Mary Brewster’s journal for her voyage from 1845 – 1848 ended on March 8, 1848 when the Tiger arrived home (Stonington, CT). Mary and her husband, Samuel did not return to sea for their last voyage until June 1848. However, Mary’s journal-writing did not resume until July 13, 1848.
Mary Lawrence’s journal will resume May 1, 1859.
Eliza Williams made sporadic journal entries from Feb. 27 – May 7, 1861.
One of America’s 19th centuries whaling wives was a young woman by the name of Charlotte (Corday) Jernegan. She married Nathan Mayhew Jernegan on July 2, 1852. Charlotte and Nathan didn’t set sail together until four years later. But by the time they were married, he had spent most of his life at sea, both as a child and then as Boatsteerer during the Charles W. Morgan’s first voyage from September 6, 1841 – January 1, 1841-1845. The Niger would be his first command aboard a whaling vessel and she served in that capacity through August 14, 1860.
Between 1856 and 1860, ladies fashions changed drastically. Once the Niger had docked at New Bedford in 1860, Nathan set off down the street to settle accounts, while Charlotte remained on board to dress in her best for her arrival on shore. As a captain’s wife she intended to look her best. She donned a lovely rustling taffeta silk with an enormous hoop skirt (as had been fashionable when she left shore four years previously). However, after Nathan completed his business and returned to the ship, he said to his wife, “I don’t know what it is, hanged if I do, but the women ashore look different — they aren’t dressed the same.” Charlotte was curious and asked pointed questions, but Nathan couldn’t clarify what “different” meant, and so Charlotte summed up his lack of response to a typical males’ disinterest in the specifics of women’s fashions. A carriage was summoned to take Charlotte and her son uptown. As they rattled up the cobbled hill, Charlotte quickly realized what Nathan had meant as “different” – eyeing all the ladies along the street she realized that hoop skirts had gone out of fashion during her forty-six months in the Pacific – much to her chagrin – she was wearing an obsolete style that could NOT be disguised, hidden or bound as the cab carried her up to Parker House (a hotel).
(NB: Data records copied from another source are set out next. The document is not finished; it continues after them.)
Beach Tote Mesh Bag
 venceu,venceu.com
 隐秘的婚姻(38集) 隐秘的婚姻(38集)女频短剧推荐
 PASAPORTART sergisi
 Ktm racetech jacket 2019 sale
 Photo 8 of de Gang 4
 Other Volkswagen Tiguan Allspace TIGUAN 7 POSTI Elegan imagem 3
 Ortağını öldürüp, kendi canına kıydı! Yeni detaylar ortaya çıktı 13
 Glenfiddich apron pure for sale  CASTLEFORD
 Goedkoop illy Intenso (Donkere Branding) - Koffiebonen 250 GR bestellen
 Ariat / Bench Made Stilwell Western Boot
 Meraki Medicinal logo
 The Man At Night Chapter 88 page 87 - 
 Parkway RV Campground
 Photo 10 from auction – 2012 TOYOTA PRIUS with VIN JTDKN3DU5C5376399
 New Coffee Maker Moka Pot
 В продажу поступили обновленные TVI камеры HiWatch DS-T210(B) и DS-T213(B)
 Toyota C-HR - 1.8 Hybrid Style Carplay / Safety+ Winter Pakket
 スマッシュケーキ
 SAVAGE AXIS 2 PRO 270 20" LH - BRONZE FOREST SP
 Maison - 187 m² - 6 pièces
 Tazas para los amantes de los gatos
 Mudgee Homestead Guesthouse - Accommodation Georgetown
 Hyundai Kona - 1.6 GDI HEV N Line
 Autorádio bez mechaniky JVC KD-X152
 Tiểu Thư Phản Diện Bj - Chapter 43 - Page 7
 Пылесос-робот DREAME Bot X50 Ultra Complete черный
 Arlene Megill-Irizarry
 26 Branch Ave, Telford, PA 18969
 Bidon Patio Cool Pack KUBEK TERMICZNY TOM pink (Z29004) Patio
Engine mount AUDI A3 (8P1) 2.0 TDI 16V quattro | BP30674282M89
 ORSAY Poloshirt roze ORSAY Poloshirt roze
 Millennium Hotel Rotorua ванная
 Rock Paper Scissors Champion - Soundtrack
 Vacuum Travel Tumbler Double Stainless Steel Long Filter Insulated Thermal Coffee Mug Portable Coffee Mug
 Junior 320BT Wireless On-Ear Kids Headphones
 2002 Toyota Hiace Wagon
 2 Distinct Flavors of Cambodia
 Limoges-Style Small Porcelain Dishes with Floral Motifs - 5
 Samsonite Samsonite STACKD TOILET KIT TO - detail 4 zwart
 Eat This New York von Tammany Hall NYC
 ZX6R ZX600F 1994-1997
True to form, however, as so many captains’ wives were, Charlotte was forced to rely upon her ingenuity to make the best of an awkward situation. Quickly and expertly, and I might add, she was approaching her final month of pregnancy, she rid herself of the hoops and abandoned them in the hack and took off her enormous bonnet, and hung it casually over her arm. Holding up her superfluous skirts, she stepped out of the cab and negotiated the curb, landing well, but while trying to walk through the passage of Parker House, she tripped over the excess fabric of her skirt and almost fell. Needless, to say, it was not long before she went on a major shopping spree to update her wardrobe, so that when they arrived home on Martha’s Vineyard, she was attired in the height of fashion wearing a linen suit and pancake hat.